The idea of a customs union was never much more than an academic preoccupation in North America until the 11 September 2001 terrorist attacks on the United States brought some renewed practical thinking about the utility of a customs union for security. In fact, security quickly reanimated the North American agenda for a time, as officials struggled to both secure and facilitate border crossings for legitimate people and cargo (Anderson & Sands 2007; Ackleson & Kastner 2006; Ackleson 2009). The NAFTA left a substantial built-in agenda within the text, complete with 30 trilateral working groups aimed at advancing some of that agenda. Yet the success of these working groups was limited, most falling dormant within a few years of the NAFTA’s implementation in 1994. The post-9/11 imperatives of security renewed thinking about how to animate the post-NAFTA agenda as well.

A customs union could have been part of a common perimeter security strategy in North America that brought relief to the pressures being placed on North America’s land borders with every new security measure, by, at the very least, having those measures implemented at ports of entry around the continent’s edges (Andreas & Biersteker 2014; Anderson 2016).

In 2005 Canada, Mexico and the United States launched the ambitious-looking Security and Prosperity Partnership (SPP), ostensibly aimed at managing the apparent tensions between security and economic openness. Indeed, although security was the driving force behind much of the SPP, the full agenda ambitiously reflected many of the complicated governance issues represented by NTBs in the global trading regime. However, the SPP suffered from a number of faults, including lack of input or oversight from either the public or elected officials (Anderson & Sands 2007: 14–19).

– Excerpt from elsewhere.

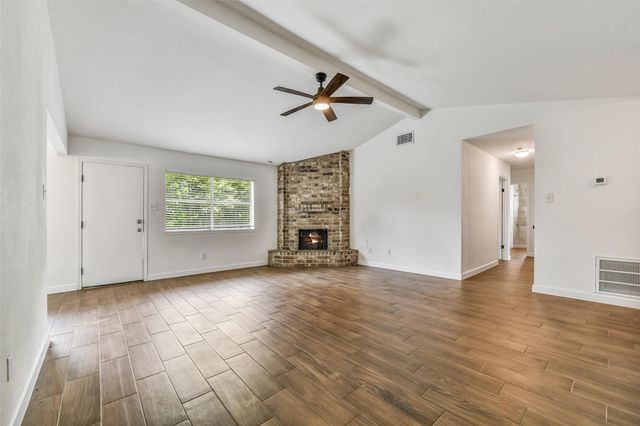 1600 Broken Arrow Street, Baytown, TX 77521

The SPP eventually collided with a number of political realities, including the unwillingness of all three NAFTA members, but especially the United States, to move towards the pooled sovereignty that advancing the more ambitious elements of the SPP agenda would have required.

Common market

The failure of post-9/11 initiatives to substantively reinvigorate momentum towards deeper stages of North American integration was a disappointment for some, particularly since the continent’s land borders quickly became reinforced as the main interdiction points for both trade and security purposes. That the infrastructure at many land border crossings was designed and built in the middle of the twentieth century to accommodate much lower levels of commercial activity compounded perceptions that the border was being “thickened” by security (Ackleson 2009; Goldfarb & Robson 2003; Walke & Fullerton 2014; Lara-Valencia 2011).

The disappointment of the post-9/11 period didn’t stop scholars from thinking about what North America could become. Indeed, a significant body of research has accumulated about what a North American common market might look like, starting with increased labour mobility (Rekai 2002). A common market inherently implies significant pooling of sovereignty, since it entails the complete mobility of all factors of production among the members. In effect, a common market in North America would dramatically reduce the economic impact of borders in segmenting labour markets, make passport-free travel possible and harmonize large swathes of labour law, making it easier for nationals of all three countries to work throughout North America.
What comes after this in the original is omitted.